Your task
Below is a listing; print exactly its lines from the one containing "How to Retrieve" down to the one containing "Chiara Ferragni Collection", both inclusive, with every picture left out.

:: Raw data ::

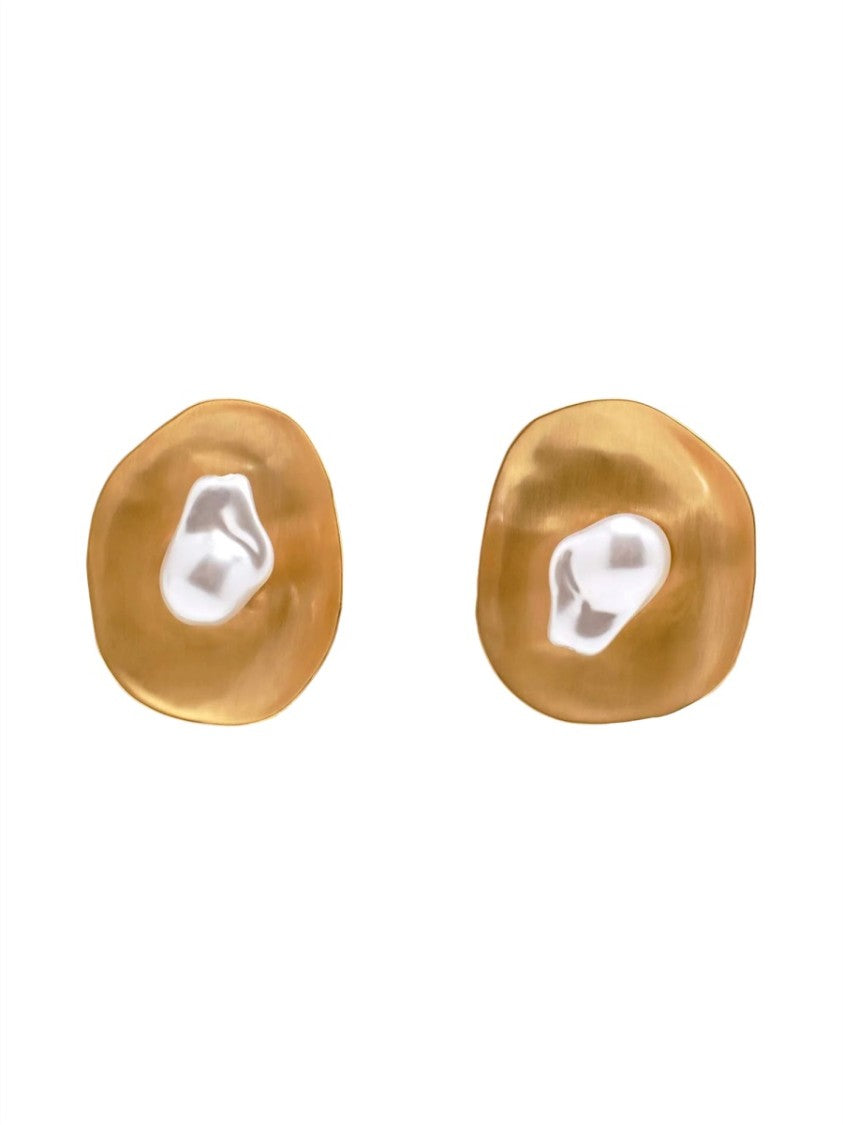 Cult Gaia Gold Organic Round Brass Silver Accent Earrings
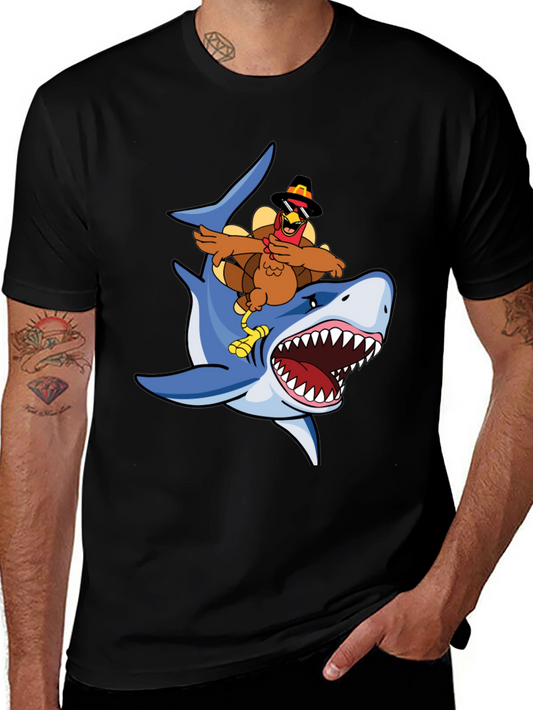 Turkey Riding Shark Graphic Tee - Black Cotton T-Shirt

:::
:: Raw data ::

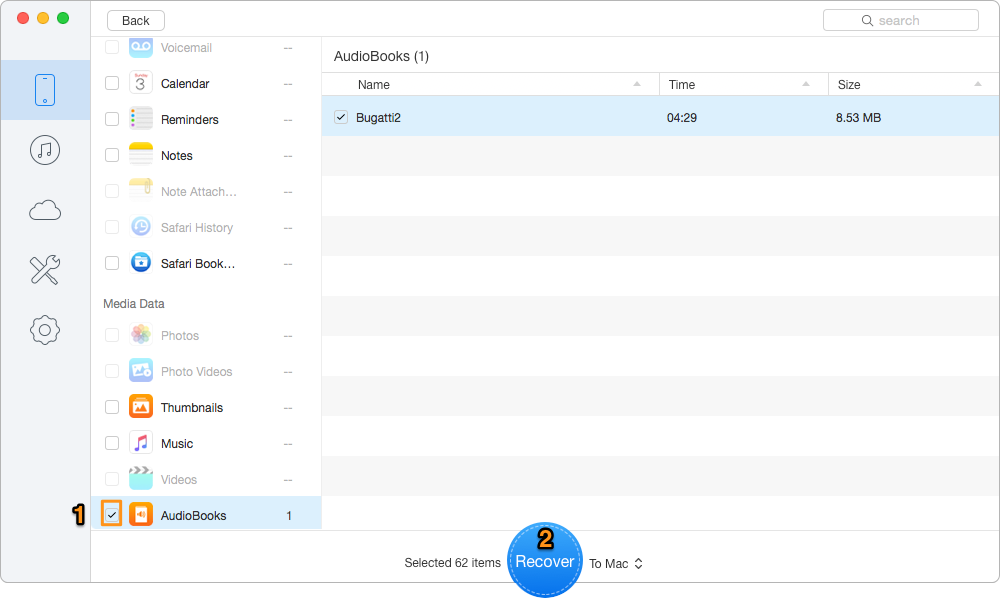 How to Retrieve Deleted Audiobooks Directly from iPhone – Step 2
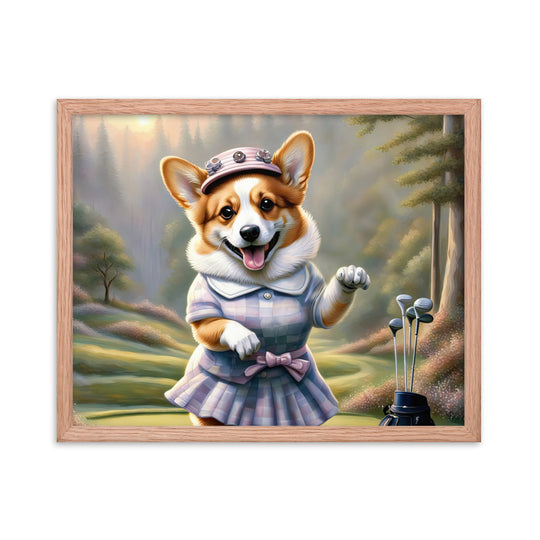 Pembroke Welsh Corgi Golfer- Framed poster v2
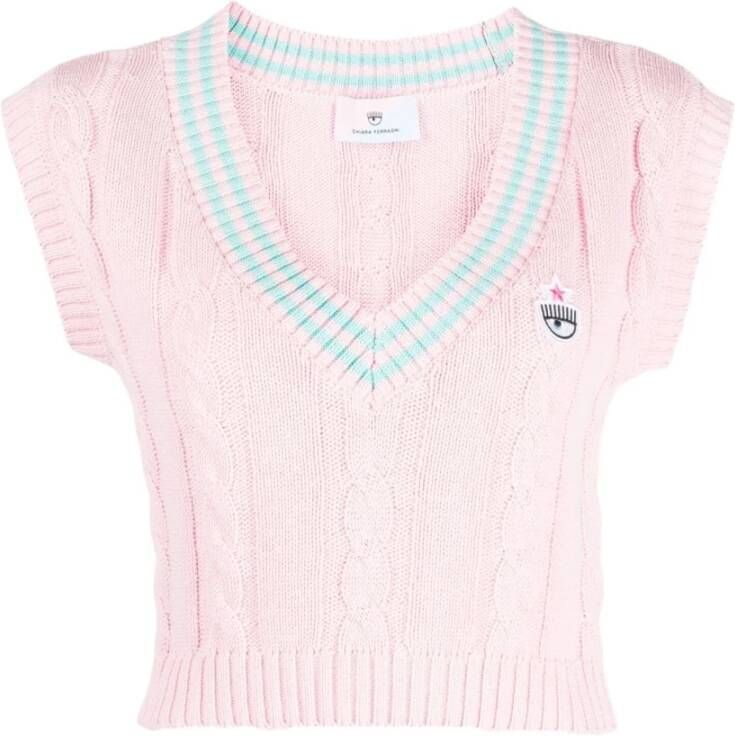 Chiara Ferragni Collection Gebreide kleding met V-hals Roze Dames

:::

Answer for this exercise
 How to Retrieve Deleted Audiobooks Directly from iPhone – Step 2
 Pembroke Welsh Corgi Golfer- Framed poster v2
 Chiara Ferragni Collection Gebreide kleding met V-hals Roze Dames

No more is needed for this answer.